Scan the entries below. Report each line where the string "Apartamento" occurs.

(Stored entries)
····················

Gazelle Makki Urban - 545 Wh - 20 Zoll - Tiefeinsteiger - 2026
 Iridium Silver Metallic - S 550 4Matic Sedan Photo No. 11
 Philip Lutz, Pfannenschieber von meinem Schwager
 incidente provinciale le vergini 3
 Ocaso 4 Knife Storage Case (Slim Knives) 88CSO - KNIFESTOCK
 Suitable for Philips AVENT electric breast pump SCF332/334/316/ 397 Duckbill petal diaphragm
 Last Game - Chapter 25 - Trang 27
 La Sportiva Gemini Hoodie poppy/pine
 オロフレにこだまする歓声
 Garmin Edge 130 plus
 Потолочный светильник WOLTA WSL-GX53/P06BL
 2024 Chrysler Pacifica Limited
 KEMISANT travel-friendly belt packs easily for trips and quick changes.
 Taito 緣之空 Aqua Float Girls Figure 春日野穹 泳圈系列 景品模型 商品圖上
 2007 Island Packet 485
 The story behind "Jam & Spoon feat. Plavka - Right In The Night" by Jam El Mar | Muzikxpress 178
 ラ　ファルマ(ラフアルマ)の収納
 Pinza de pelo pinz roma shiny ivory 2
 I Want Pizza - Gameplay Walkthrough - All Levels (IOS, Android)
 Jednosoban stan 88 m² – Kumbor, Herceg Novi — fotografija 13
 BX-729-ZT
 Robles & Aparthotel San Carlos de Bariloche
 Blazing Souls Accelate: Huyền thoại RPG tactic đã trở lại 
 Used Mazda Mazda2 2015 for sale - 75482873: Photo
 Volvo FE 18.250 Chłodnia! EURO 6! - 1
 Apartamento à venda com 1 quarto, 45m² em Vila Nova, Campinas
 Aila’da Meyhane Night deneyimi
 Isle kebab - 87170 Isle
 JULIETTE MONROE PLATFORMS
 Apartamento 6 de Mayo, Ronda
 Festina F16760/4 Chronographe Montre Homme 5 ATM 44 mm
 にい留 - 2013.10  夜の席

····················

#### [PROBLEM SOLUTION]
 Apartamento à venda com 1 quarto, 45m² em Vila Nova, Campinas
 Apartamento 6 de Mayo, Ronda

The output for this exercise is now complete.